For pet owners, a major advantage of AirVet is the ability to resolve their pet problems without having to make an emergency trip to a pet hospital.

First-time pet owner Jess Wachtel, a lawyer who lives in Studio City, said her husband noticed in early January that their 4-month-old Bernedoodle (a cross between a Bernese Mountain dog and a poodle) was lethargic and not eating.


“This was a puppy who normally is bouncing off the walls,” Wachtel said. “When we called our nearby pet hospital, they said there was a four-hour wait because of Covid capacity restrictions and that the initial consult was $200. So, I turned to the AirVet app that I saw featured on a morning television show and uploaded some videos of our puppy.”


Within an hour, Jeff Werber, Brandon Werber’s veterinarian father, called back. “He said we didn’t need to take the puppy to the hospital but could wait to schedule a visit to our vet.”


(Wachtel’s veterinarian ultimately diagnosed the Bernedoodle with an autoimmune disease involving the bones and joints.)


Wachtel said AirVet not only saved time and money “but also put our minds at ease, which was just as important.”


Stumbling block eases?

AirVet’s appeal during the Covid-19 pandemic was evident when the company closed an investment round in June of last year that brought total outside investment to $15 million.
 
Major investments in the Series A round came from Portola Valley-based Canvas Ventures and San Francisco-based E.ventures.


“That allowed us to build the hospital platform and expand our direct-to-consumer marketplace,” Werber said.

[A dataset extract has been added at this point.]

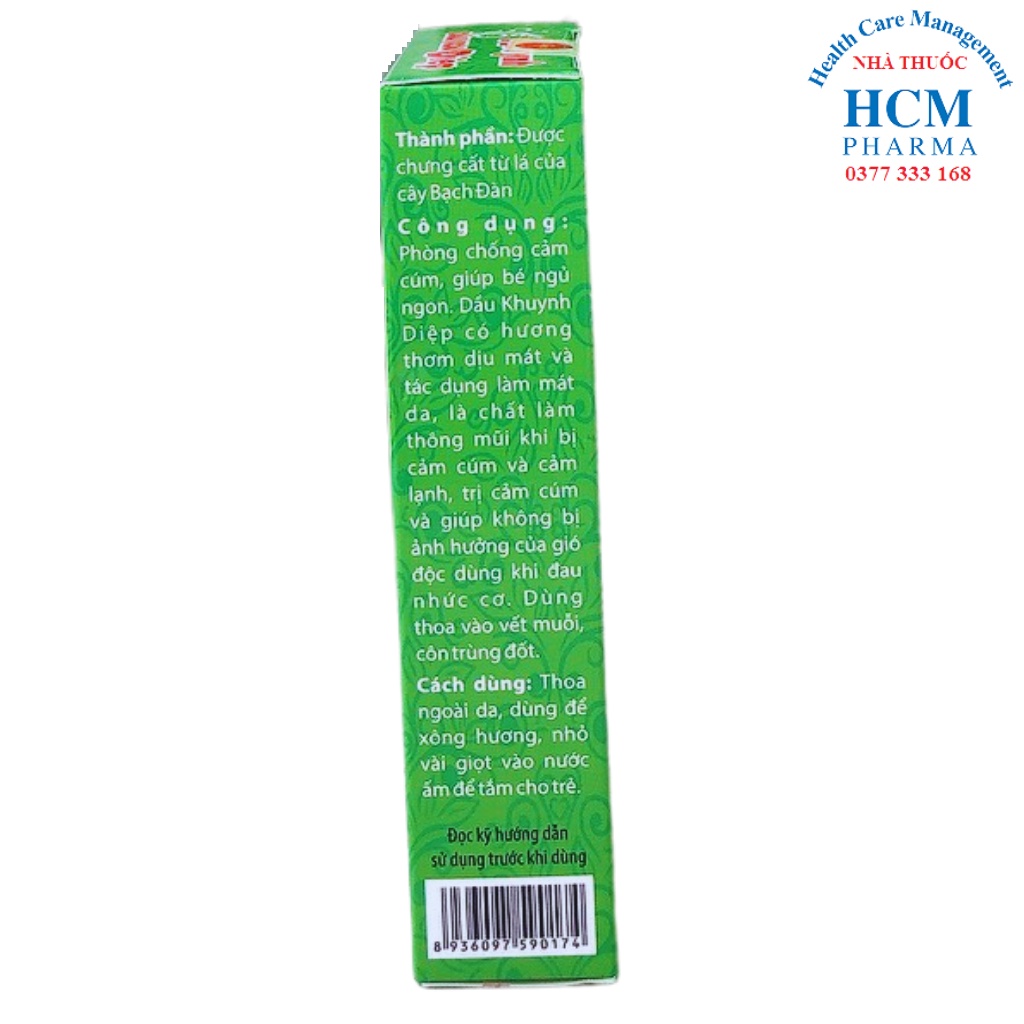 Tinh dầu khuynh diệp cho Bé Thơ chai 35 ml giúp bé ngủ ngon thông mũi HCM16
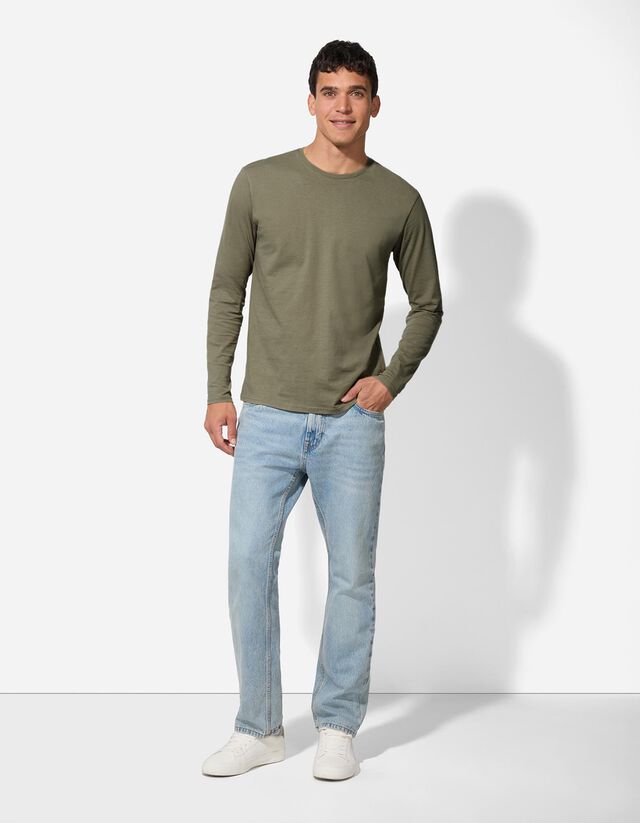 Hosszú ujjú felső - Kerek nyakkivágás - vilagos zold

There is also hope that the Covid crisis may ease a key barrier to AirVet’s future growth: the need for veterinarians to be certified in each state where they treat animals, which has prevented pet telemedicine services such as AirVet from setting up nationwide veterinary networks.


“Covid has permanently changed this landscape, and the regulatory framework will adjust to make it easier to establish veterinary telenetworks in the future,” Root said.